• Task to complete:
All of the entries must be reproduced exactly, with no images carried over.

━━━ Material to process ━━━

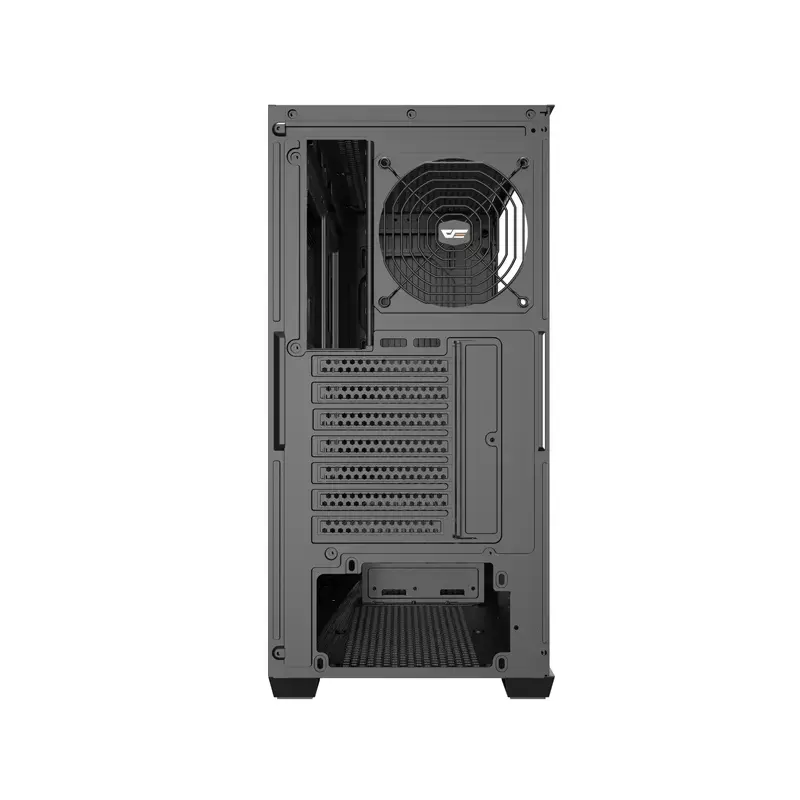 ATX datora korpuss Darkflash DS900WS — midi tornis, bez ventilatoriem, melns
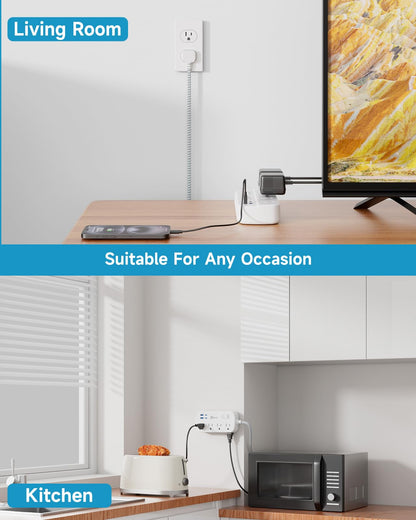 Power Strip with USB, 5Ft Travel Power Strip Surge Protector with 8 Outlets 4 USB(3.4A/17W) Charging Station, 13A/1625W 3 Prong Small Extension Cord Outlet Splitter, Wall Mount for Travel Office Dorm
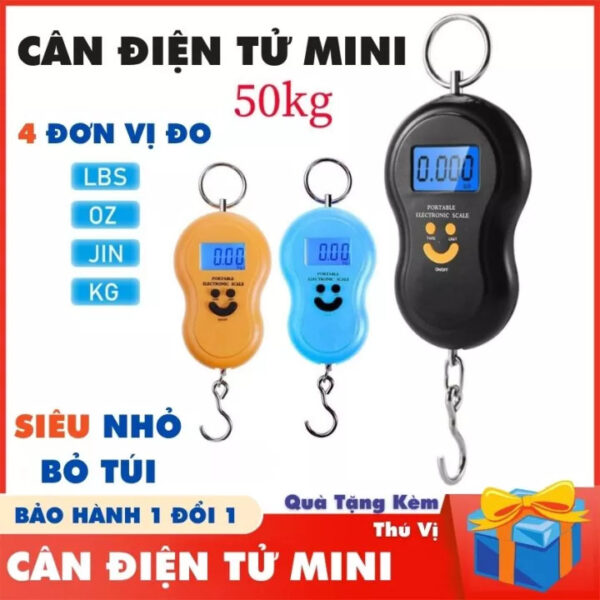 Cân Điện Tử Mini Cầm Tay Bỏ Túi 50kg gia đình nhà bếp đi chợ cân hàng chính xác cân treo móc khóa thông minh chính hãng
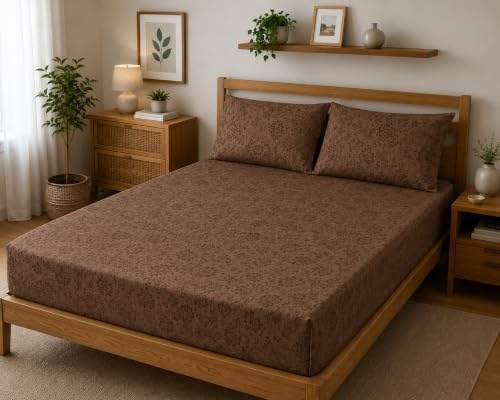 Image of Fitted Bedsheet Brown 3D Floral Print Glace Cotton 210 TC | Full Single Size for Single Bed Fits 4 x 6.25 ft Mattress (48 x 75 Inch) | All Around Elastic | 2 Pillow Covers | 7 Inch Deep Pocket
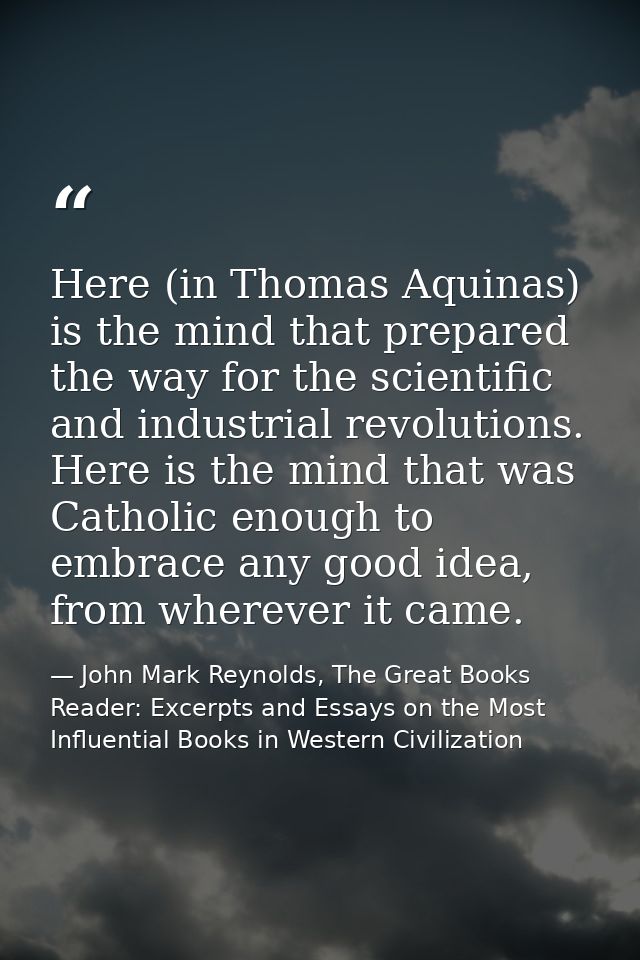 Here (in Thomas Aquinas) is the mind that prepared the way for the scientific and industrial revolutions. Here is the mi — John Mark Reynolds, The Great Books Reader: Excerpts and Essays on the Most Influential Books in Western Civilization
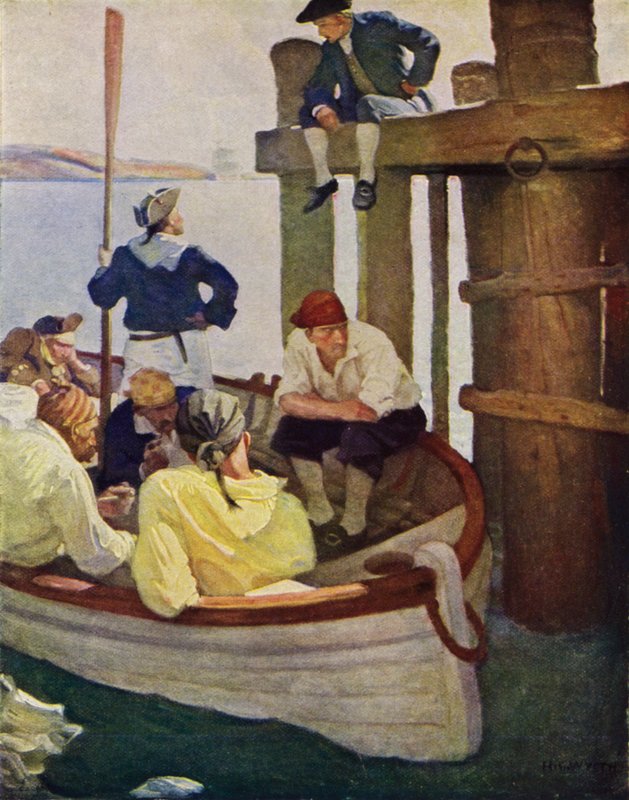 Illustration til Kidnapped af Robert Louis Stevenson (farve litho) af Newell Convers (after) Wyeth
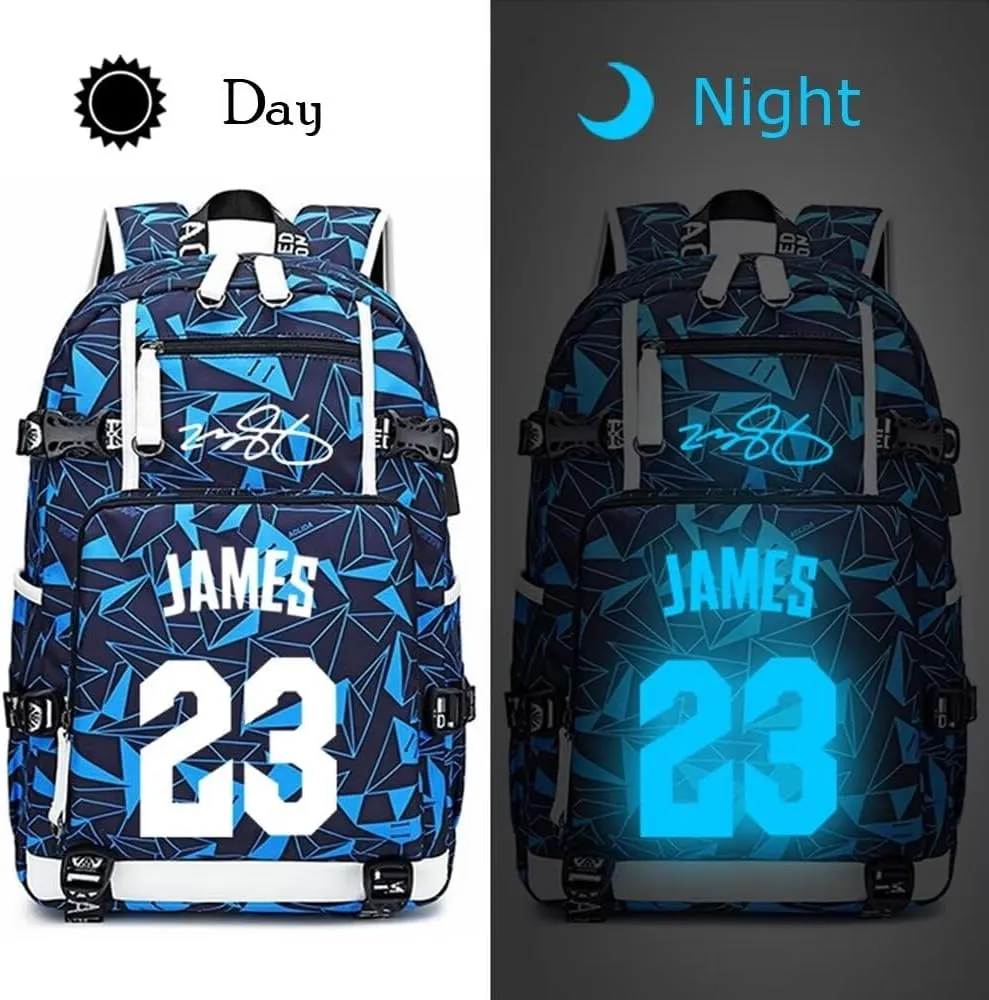 FANwenfeng Basketball Player 23 Luminous Backpack Travel Daypack Fans Bag (Style 18)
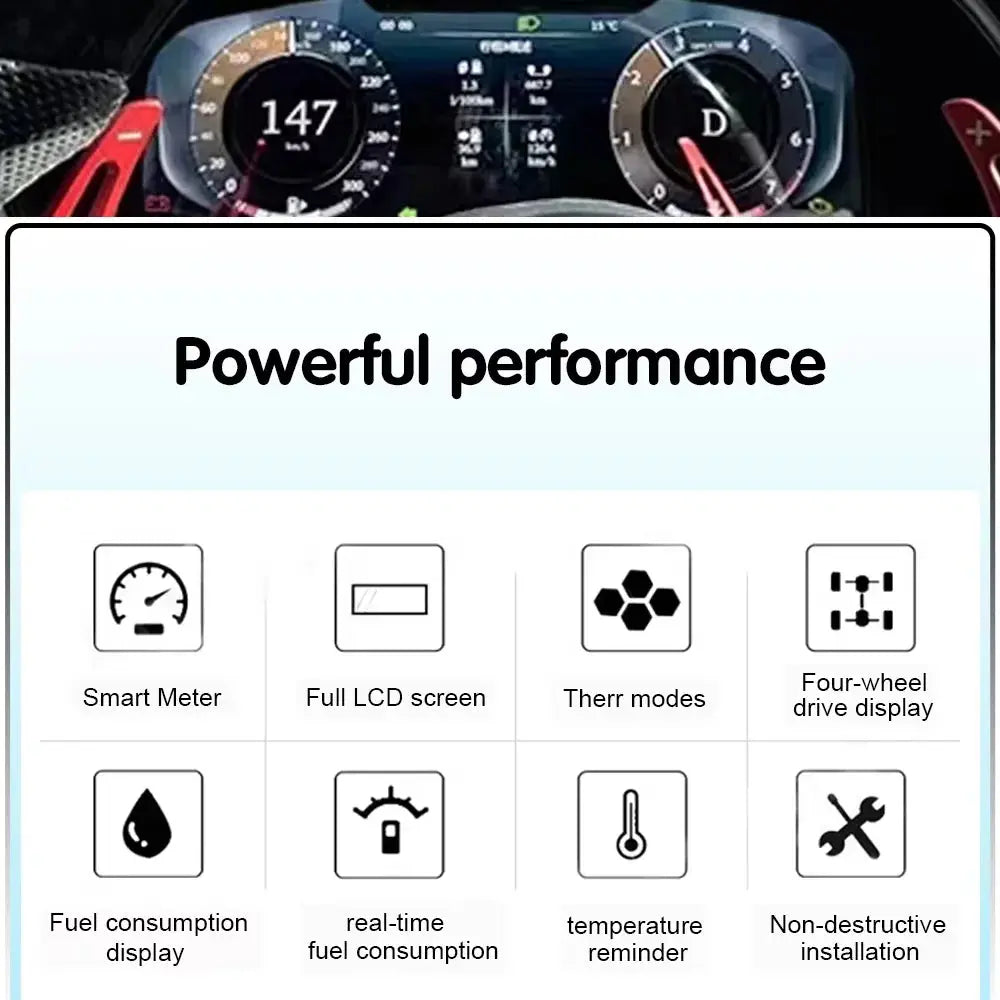 Euronavigate Car 12.3'' Car Digital Cluster For Ford Mustang 2015 2016 2017 2018 2020 LCD Dashboard Panel Virtual CockPit Speedometer Instrument  Retrofit Aftermarket Accessories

━━━

• Your response:
 ATX datora korpuss Darkflash DS900WS — midi tornis, bez ventilatoriem, melns
 Power Strip with USB, 5Ft Travel Power Strip Surge Protector with 8 Outlets 4 USB(3.4A/17W) Charging Station, 13A/1625W 3 Prong Small Extension Cord Outlet Splitter, Wall Mount for Travel Office Dorm
 Cân Điện Tử Mini Cầm Tay Bỏ Túi 50kg gia đình nhà bếp đi chợ cân hàng chính xác cân treo móc khóa thông minh chính hãng
 Image of Fitted Bedsheet Brown 3D Floral Print Glace Cotton 210 TC | Full Single Size for Single Bed Fits 4 x 6.25 ft Mattress (48 x 75 Inch) | All Around Elastic | 2 Pillow Covers | 7 Inch Deep Pocket
 Here (in Thomas Aquinas) is the mind that prepared the way for the scientific and industrial revolutions. Here is the mi — John Mark Reynolds, The Great Books Reader: Excerpts and Essays on the Most Influential Books in Western Civilization
 Illustration til Kidnapped af Robert Louis Stevenson (farve litho) af Newell Convers (after) Wyeth
 FANwenfeng Basketball Player 23 Luminous Backpack Travel Daypack Fans Bag (Style 18)
 Euronavigate Car 12.3'' Car Digital Cluster For Ford Mustang 2015 2016 2017 2018 2020 LCD Dashboard Panel Virtual CockPit Speedometer Instrument  Retrofit Aftermarket Accessories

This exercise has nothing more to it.